From the Desk of the Osceola County Prosecutor

March 16, 2017

We have experienced an increasing number of crimes being committed by juveniles (individuals under the age of 18) in the Marion area of late. This is yet another example of the huge increase in the number of crimes being committed by juveniles nationwide.

Osceola County Prosecutor, Anthony Badovinac

Osceola County Prosecutor, Anthony Badovinac

The use of illegal substances by juveniles is also on the rise and continues to result in criminal convictions for many juveniles. The problem of course, is the record of a juvenile conviction follows that person throughout their life and can severely hamper their chances of securing employment later on in life.

Because of that, there is a trend by lawmakers of softening the laws and penalties which apply to juveniles.

The Minor In Possession laws have softened considerably and now allow a juvenile to be found guilty of a civil fraction instead of a misdemeanor for a first offense of being a minor in possession of alcohol. Any juvenile convicted of being a minor in possession is also given the opportunity to engage in substance abuse treatment and community service work instead of fines and costs.

It has been a long-held rule that any juvenile who is convicted of first degree murder in Michigan had to receive a life sentence in prison without the possibility of parole. That rule was just recently changed and now any juvenile who was sentenced to life without the possibility of parole is afforded a chance to be re-sentenced and the court can give that individual whatever sentence it deems fit. This law is also partially in response to a softening in the perception of juveniles and their propensity to get into trouble with the law.

Some of the statistics involving juveniles and their trouble with the law is interesting;

There are 2.2 million people in the nation’s prisons and jails—a 500% increase over the last 40 years. In fact the United States the highest rate of incarceration of any country in the world.

There are currently 2,500 people serving life sentences for juvenile convictions.

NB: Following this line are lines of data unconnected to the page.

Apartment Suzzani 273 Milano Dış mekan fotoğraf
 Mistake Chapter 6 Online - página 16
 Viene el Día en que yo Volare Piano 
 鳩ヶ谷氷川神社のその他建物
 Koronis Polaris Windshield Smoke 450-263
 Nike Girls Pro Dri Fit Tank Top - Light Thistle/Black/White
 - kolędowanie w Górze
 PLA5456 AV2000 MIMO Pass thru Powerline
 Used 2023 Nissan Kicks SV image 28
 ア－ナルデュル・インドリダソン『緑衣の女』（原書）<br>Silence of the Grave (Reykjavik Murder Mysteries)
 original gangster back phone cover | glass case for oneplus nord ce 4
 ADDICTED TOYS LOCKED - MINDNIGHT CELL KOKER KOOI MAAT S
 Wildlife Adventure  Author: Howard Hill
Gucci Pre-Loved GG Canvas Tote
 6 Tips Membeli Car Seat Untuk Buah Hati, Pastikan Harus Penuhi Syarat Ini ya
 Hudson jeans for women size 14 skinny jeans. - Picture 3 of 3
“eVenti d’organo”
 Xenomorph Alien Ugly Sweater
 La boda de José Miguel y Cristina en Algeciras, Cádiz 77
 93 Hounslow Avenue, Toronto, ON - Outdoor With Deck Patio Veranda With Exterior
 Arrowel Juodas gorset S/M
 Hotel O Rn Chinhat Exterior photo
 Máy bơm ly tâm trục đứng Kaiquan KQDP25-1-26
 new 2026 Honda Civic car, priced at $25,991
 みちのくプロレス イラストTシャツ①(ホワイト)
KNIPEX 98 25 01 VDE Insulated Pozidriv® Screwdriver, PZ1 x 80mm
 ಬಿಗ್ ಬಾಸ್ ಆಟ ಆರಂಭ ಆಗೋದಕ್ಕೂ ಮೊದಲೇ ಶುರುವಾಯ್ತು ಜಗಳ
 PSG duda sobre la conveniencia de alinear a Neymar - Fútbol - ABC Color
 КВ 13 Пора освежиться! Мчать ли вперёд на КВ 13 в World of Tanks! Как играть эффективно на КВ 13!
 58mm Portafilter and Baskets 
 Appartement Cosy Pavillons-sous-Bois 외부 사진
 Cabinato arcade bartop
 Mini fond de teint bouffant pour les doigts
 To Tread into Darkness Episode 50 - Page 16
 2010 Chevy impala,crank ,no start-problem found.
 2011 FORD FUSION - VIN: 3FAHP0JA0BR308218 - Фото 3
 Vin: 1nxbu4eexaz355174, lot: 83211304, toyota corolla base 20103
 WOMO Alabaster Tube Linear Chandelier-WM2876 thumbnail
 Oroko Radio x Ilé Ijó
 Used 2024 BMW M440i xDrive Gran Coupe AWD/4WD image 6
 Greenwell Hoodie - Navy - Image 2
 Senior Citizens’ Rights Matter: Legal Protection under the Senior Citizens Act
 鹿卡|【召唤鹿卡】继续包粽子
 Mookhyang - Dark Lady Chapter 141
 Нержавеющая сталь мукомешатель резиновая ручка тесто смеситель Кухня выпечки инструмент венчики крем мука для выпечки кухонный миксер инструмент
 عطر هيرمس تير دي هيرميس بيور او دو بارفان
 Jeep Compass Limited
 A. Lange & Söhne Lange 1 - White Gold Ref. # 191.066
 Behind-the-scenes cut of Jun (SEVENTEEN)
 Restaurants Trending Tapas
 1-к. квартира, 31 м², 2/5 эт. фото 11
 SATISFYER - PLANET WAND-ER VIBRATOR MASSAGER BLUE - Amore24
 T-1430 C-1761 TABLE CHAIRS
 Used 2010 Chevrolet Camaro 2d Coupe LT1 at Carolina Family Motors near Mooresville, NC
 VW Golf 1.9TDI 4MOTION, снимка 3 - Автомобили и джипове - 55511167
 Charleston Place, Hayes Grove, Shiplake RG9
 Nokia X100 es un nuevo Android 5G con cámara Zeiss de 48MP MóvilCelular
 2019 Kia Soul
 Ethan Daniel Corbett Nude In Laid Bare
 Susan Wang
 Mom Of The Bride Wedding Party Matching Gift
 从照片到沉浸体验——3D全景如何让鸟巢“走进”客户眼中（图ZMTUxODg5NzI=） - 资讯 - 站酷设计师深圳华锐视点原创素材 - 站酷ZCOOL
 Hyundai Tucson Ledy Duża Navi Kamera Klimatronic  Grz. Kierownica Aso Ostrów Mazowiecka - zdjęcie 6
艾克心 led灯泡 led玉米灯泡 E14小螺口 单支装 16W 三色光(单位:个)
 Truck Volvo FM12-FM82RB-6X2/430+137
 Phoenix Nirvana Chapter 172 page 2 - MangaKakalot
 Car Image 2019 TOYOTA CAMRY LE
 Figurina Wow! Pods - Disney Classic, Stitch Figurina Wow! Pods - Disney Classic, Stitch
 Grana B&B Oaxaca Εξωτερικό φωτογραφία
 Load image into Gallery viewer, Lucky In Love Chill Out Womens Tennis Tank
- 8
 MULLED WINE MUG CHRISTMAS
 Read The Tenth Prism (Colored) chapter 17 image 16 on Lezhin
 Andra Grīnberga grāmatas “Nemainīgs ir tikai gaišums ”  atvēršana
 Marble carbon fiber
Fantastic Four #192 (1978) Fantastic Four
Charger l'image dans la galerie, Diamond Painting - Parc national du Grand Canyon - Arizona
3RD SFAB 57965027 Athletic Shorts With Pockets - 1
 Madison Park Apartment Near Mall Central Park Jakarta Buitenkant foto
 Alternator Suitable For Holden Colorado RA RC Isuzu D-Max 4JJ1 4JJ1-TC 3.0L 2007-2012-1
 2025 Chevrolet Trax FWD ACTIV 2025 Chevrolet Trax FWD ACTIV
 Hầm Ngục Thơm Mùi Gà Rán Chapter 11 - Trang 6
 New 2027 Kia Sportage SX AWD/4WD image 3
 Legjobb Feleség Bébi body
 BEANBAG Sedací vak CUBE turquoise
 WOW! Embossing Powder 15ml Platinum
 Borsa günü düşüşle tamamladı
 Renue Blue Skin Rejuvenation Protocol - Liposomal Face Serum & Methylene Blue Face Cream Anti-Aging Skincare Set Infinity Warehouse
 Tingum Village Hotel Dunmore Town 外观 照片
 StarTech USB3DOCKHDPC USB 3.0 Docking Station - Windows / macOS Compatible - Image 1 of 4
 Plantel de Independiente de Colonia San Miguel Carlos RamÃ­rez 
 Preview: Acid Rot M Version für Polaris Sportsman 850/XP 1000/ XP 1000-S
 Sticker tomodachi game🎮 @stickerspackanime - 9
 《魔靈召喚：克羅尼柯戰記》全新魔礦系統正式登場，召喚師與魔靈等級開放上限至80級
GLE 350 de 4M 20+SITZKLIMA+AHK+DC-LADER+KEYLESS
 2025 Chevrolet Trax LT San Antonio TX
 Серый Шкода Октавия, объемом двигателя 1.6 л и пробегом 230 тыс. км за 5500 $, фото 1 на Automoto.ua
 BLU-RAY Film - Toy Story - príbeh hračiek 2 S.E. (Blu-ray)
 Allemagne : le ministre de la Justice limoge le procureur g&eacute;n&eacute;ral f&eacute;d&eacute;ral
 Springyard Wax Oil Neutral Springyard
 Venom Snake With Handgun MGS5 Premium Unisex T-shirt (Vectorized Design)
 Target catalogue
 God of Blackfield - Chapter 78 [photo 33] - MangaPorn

Often the home life of a juvenile has a huge impact on if that child will end up in jail or prison.

79% witnessed violence in their homes regularly

32% grew up in public housing

40% had been enrolled in special education classes

Fewer than half were attending school at the time of their offense

47% were physically abused

80% of girls reported histories of physical abuse and 77% of girls reported histories of sexual abuse
The costs of maintaining a juvenile in prison for their lifetime is staggering;

The financial cost of a juvenile sentenced to life in prison without parole (JLWOP) is significant. A life sentence issued to a juvenile is designed to last longer than a life sentence issued to an older defendant.

Housing juveniles for a life sentence requires decades of public expenditures. Nationally, it costs $34,135 per year to house an average prisoner. This cost roughly doubles when that prisoner is over 50.  Therefore, a 50-year sentence for a 16-year old will cost approximately $2.25 million.* (all statistical facts provided by, The Sentencing Project)

It is no wonder that attempts are being made to keep juveniles out of our prisons. As a prosecutor and lawyer, I often see the damage done to juveniles, their families and society by juveniles who have no respect for the law. The best way for us to treat this problem is by education and it needs to start in the home and be reinforced by the churches and schools.

Neighbors likewise need to keep a close watch on things and look out for one another. It is far easier to treat the cause of a problem up front rather than the symptoms of a chronic disease throughout the rest of one’s life. This is perhaps one of the trends in the law which actually makes (cents) we will see what the future brings us.